I seem to have given you six books all with women authors . . .
Please let Robin know how much we appreciate this!
🙂
Thoughts on what writers of fiction can learn from writing in other mediums? (film, etc)
::falls down laughing::* Pass. I haven’t a clue. I’ve earned about $2.37 on film & TV rights in the last forty-plus years because I don’t like the contracts, which tend to say that the producer owns everything you’ve ever done or ever will do, & they’ve never offered me enough money to make me wonder if it might be worth it, & they’re not going ever to offer me enough money because I’m not Big & Famous or Screen Worthy enough. I have occasionally thought of trying to write a script—there’s this vampire idea that keeps stubbornly presenting itself much more in visuals than in words on a page, WHY??? Whereupon I attempt to translate it into words on a page & next time it storms through my mind, there it is, all freaking scenery again. Like I have the remotest idea what film people are looking for.

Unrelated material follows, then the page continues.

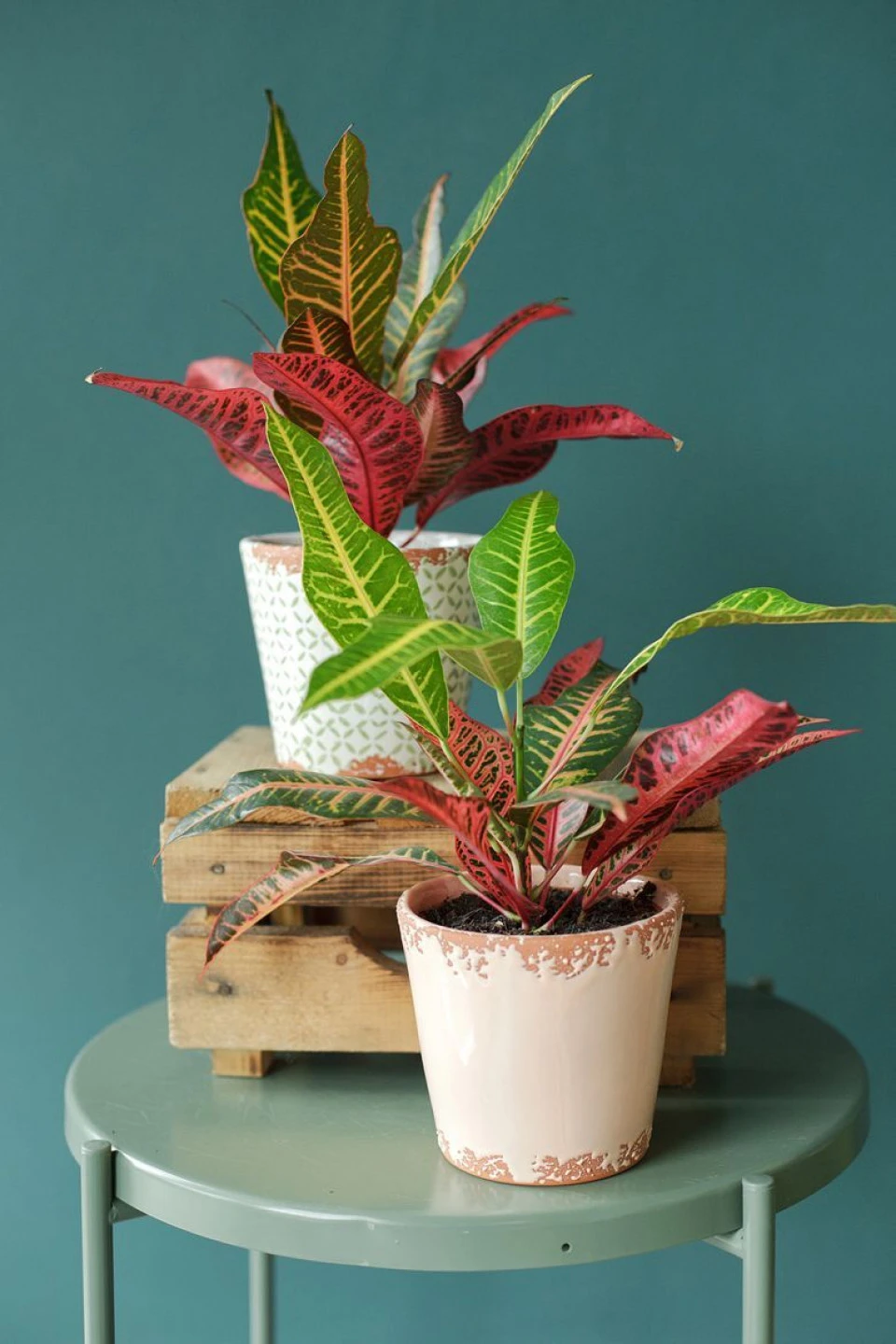 Кодиеум Нервия (Codiaeum Nervia) 40 см - с добавлением зелени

But I don’t think I want to learn to write scripts, which is a particular craft & skill set to the story-telling art, & some of that craft & skill is about being a team player, which I am not. I have friends who do script work & it sounds like way much harder work than my kind of story telling. Granted I’m lucky because my stories have tended to sell to book publishers more or less in the shape that I hand them over, but given that enormous piece of good fortune, it means that I don’t have anyone leaning over my shoulder & saying, cut the sensitivity we need another car chase. Or dragon slaying. Or, we’ve signed up X & X wants another dragon slaying, & no sensitivity at all, he/she/it/they don’t do sensitivity.
* Again. I am a silly person. As well as a frequently humorless curmudgeon about, for example, equal rights for human beings of all abilities, outlooks & persuasions. I could get into animal rights here too, & that plants are also living creatures . . . but I won’t.